Ces derniers jours, le courant a déjà sauté dans près de 600 000 foyers français, la faute aux appareils de mesure de la tension et de la puissance du réseau électrique qui ont pris un coup de chaud. Et si le black-out devenait général ? Car si les champs ou les infrastructures ferroviaires souffrent de la chaleur, les centrales nucléaires trinquent aussi en cas de canicule. Monique Sené est physicienne et présidente du Groupement des scientifiques pour l’information sur l’énergie nucléaire (Gsien).
Terra eco : Que risquent les centrales nucléaires avec les épisodes de canicule ?
Monique Sené : Tout dépend des réacteurs et de l’eau qui permet de les refroidir. Certains ont une prise directe et vont pomper entre 40 et 45 mètres cubes d’eau par seconde. D’autres disposent d’une tour de refroidissement et pompent donc moins d’eau dans les rivières pour fonctionner, disons de l’ordre de deux mètres cubes par seconde, pas plus. Le premier problème lors des canicules, c’est que l’eau pompée par les centrales soit trop chaude. Si elle dépasse les 28°C, elle ne peut plus être utilisée pour le refroidissement. Le deuxième risque, c’est que le cours des fleuves soit trop bas. C’est souvent le cas avec la Vienne, par exemple. Sous un certain niveau, les centrales ne peuvent plus prélever d’eau, au risque d’assécher les cours. Enfin, le troisième problème concerne plutôt l’après-production. Les centrales rejettent des effluents radioactifs. En dessous d’un certain débit, elles n’ont plus le droit de les disperser et doivent les stocker en attendant que le niveau du fleuve remonte. Sauf que ce stockage n’est pas illimité dans le temps, ce qui poserait problème si la canicule venait à durer.
Est-ce que l’on a déjà connu ce genre de cas ?
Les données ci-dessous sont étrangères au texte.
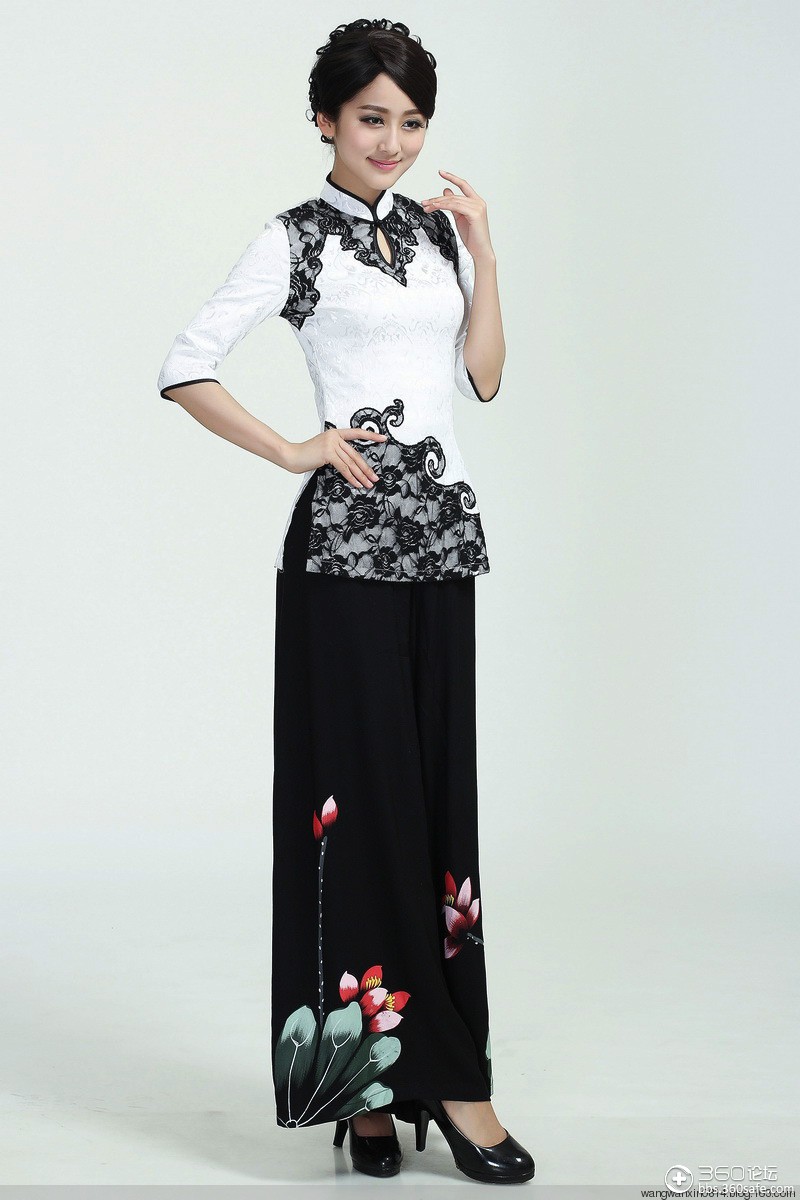 张力文:白大襟荷花裙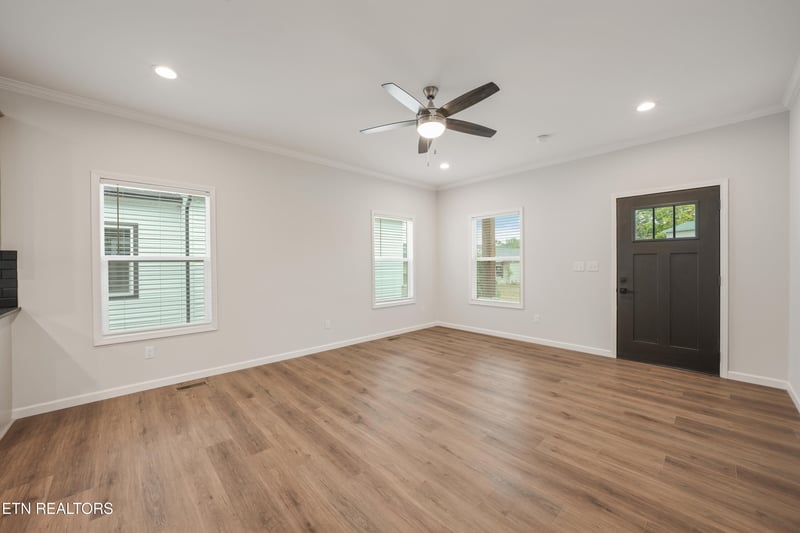 7622 Sycamore Breeze Rd, Knoxville, TN 37920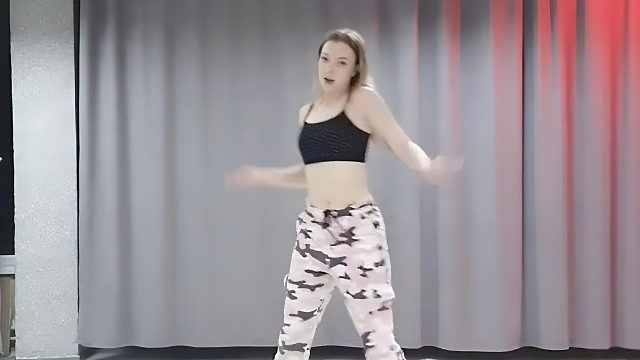 俄罗斯姑娘才艺表演24.02.04_烤肉(维多利亚)00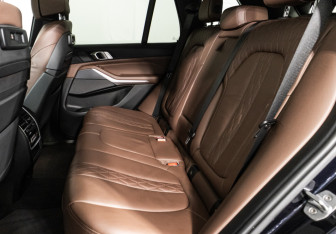 Подержанный автомобиль BMW X5 2019 года (10 фото)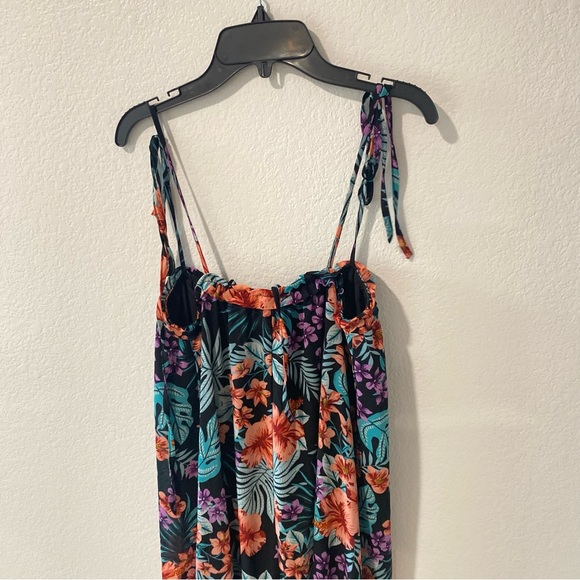 224. LOST + WANDER Beach Wonderland Maxi Dress  in black hawaiian floral Size S - Picture 6 of 7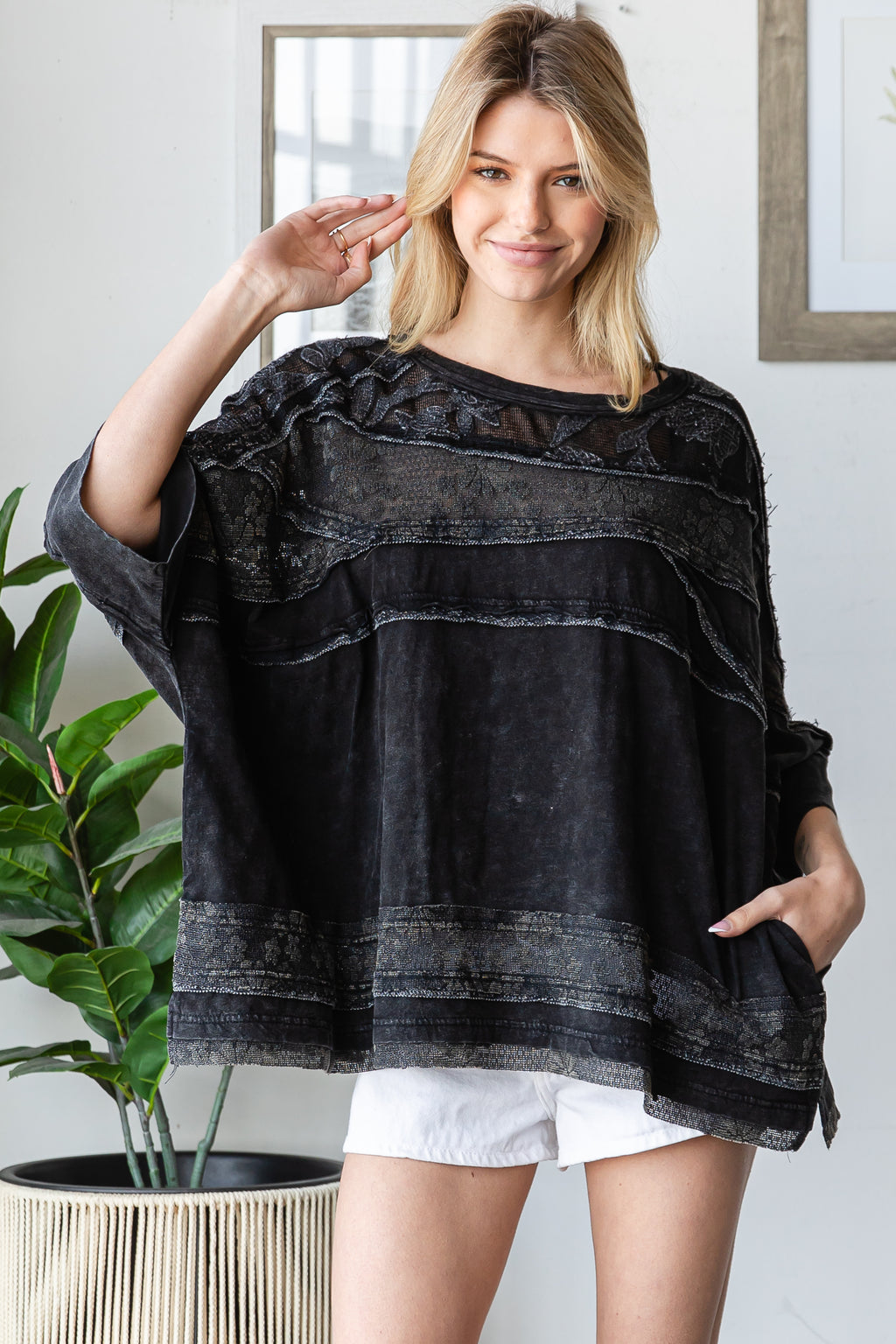 Washed Lace Contrast Boxy Loose Top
Non, nous n’avons jamais connu de gros incidents à cause de la chaleur. A Fessenheim (Haut-Rhin), en 2003, l’eau a atteint les 30°C sur les bords du Grand Canal d’Alsace. L’eau plus profonde était plus fraiche, donc elle pouvait toujours être utilisée, mais c’était limite. La Garonne aussi a atteint les 30°C cette année-là. La centrale de Golfech (Tarn-et-Garonne) a même obtenu une dérogation pour continuer à produire, mais en quantité restreinte.
Est-ce que ces trois problèmes sont liés à un manque d’anticipation ?
Pas vraiment. Les centrales ont été conçues pour fonctionner entre -15°C et +30°C. On ne pouvait pas savoir que l’on serait de plus en plus régulièrement amenés à dépasser cette température. Mais il y a toujours des solutions de secours. On peut, par exemple, ouvrir un barrage en amont d’une centrale pour renflouer ou refroidir un cours d’eau, par exemple.
Et si cela ne suffit pas, c’est l’arrêt de la production ?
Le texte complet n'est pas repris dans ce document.